Leah Penniman – Farming While Black: Uprooting Racism and Seeding Sovereignty
Our most cherished sustainable farming practices, from organic agriculture to the farm cooperative, have roots in African wisdom, but discrimination and violence against African-American farmers have led to their decline from 14% of all growers in 1920 to less than 2% today. Furthermore, Black communities suffer disproportionately from food apartheid. Renowned longtime farmer, educator, author, and food sovereignty activist, Leah Penniman, explains the deep roots of this land loss and food injustice and shares the work she at Soul Fire Farm and others around the country in Black and Brown farming communities are doing to reclaim ancestral rights, renew ties to the land, achieve genuine agency in the food system, and advance food sovereignty. (Leah is also the sister of frequent Bioneers presenter Naima Penniman, half of the brilliant musical/spoken-word duo, Climbing PoeTree.)
Leah Penniman delivered this talk at the Bioneers 2020 Conference, introduced by Nina Simons.
Leah Penniman is a Black Kreyol farmer, mother, Vodun Manye (Queen Mother), and award-winning food justice activist who has been tending the soil and organizing for an anti-racist food system for over 20 years.

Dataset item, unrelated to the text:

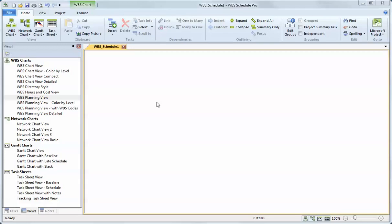Hi there. This video is intended to show you how easy and quick it can be to create a new project using the WBS Schedule Pro software.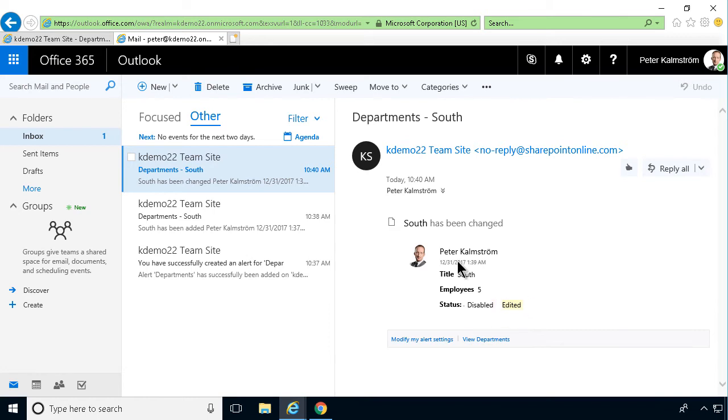And also that would work on a document library, of course. If you add columns there, you would get metadata and see what's been changed. You can't get what was changed inside the document in a document library, of course. So that's that.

She currently serves as founding Co-Executive Director of Soul Fire Farm in Grafton, New York, a people-of-color led project that works toward food and land justice, which she co-founded in 2010. She is the author of: Farming While Black: Soul Fire Farm’s Practical Guide to Liberation on the Land.
Soul Fire Farm is an Afro-Indigenous centered community farm committed to uprooting racism and seeding sovereignty in the food system. Their food sovereignty programs reach over 10,000 people each year, including farmer training for Black and Brown growers, reparations and land return initiatives for northeast farmers, food justice workshops for urban youth, home gardens for city-dwellers living under food apartheid, doorstep harvest delivery for food insecure households, and systems and policy education for public decision-makers.
In Farming While Black, Leah Penniman offers the first comprehensive manual for African-heritage people ready to reclaim their rightful place of dignified agency in the food system. This one-of-a-kind guide provides readers with a concise “how-to” for all aspects of small-scale farming. 100% of the profits from this book will be donated to Black Farmers.